There are many benefits of using fintech or advanced financial services, which are not available with traditional banks. For instance, fintech have invented novel software and technologies, which can be used to provide complete financial services like settlement, insurance, investing, and planning of wealth. Apart from this, these innovations help clients manage their financial resources in a much better way. Moreover, using such tools can help one to save costs and time, as they can access all information regarding various financial transactions without any difficulty.
Many people often raise doubts regarding the safety and privacy of personal information that is provided by banks. According to experts, traditional banks use proprietary databases to capture consumer’s financial data. However, with fintech, one can access such information directly from the internet or mobile devices. Moreover, due to technological advancements, the security of such information is greatly enhanced. Due to intense competition among the financial services sector, fintech can offer money lending solutions, as it can make borrowing very easy.
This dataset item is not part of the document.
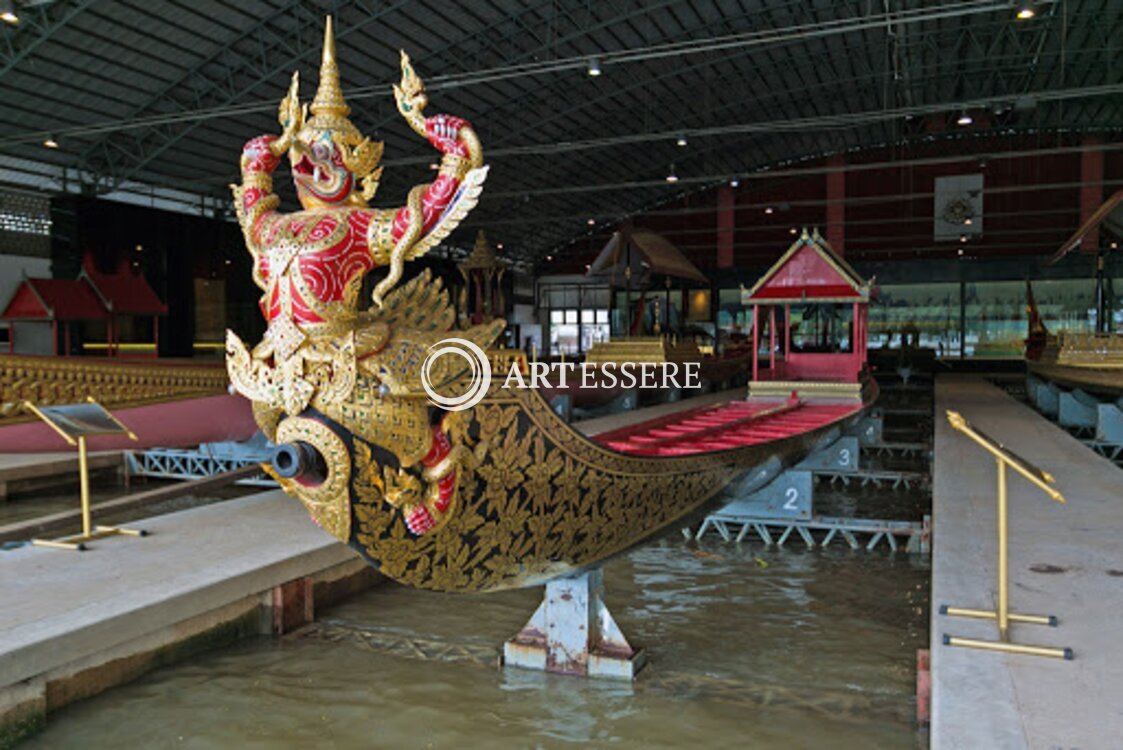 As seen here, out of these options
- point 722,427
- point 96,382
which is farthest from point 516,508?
Result: point 96,382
However, it is important to state that there are some differences between traditional and fintech solutions. For instance, fintech often provides solutions for a smaller market segment and offers lower interest rates and loan schemes. On the other hand, traditional banking has fixed rate structure, where it only depends on the rate offered by the central bank. Moreover, traditional banking also requires consumers to deposit a certain amount of money as assets.
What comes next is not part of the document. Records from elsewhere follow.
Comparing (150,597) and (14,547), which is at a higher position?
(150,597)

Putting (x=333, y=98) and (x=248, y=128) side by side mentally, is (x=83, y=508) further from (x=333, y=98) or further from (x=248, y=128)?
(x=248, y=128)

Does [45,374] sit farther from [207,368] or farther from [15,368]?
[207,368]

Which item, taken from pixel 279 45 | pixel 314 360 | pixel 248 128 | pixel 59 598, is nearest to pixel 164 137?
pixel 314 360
A major advantage of fintech is that it can offer a variety of payment options to its consumers. This is different from traditional banking, where consumers were required to have a certain level of credit score in order to be eligible for a particular financial product. Today, due to fierce competition among banks and financial institutions, a credit score is no longer a prerequisite. Hence, consumers can apply for loans and credit cards even when they have a bad credit history. Also, while traditional banking requires consumers to keep a large sum of cash on hand, this is not the case with the modern financial products. In fact, many modern products allow consumers to withdraw money from their online accounts even if they do not possess a debit card.
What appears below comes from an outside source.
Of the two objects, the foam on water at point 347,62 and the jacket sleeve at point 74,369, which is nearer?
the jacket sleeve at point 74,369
Another significant advantage of fintech is that it eliminates a number of middlemen involved in the financial process. Consumers gain access to more financial products, which helps them cut down on their costs and expenses. Furthermore, financial institutions that cater to customers with poor financial histories gain an important ally in their battle to help consumers recover from financial adversity. Since a number of financial institutions are now providing customers with services that were previously offered only to financial giants, the chances of consumers suffering financial setbacks because of unfavorable financial policies have significantly decreased.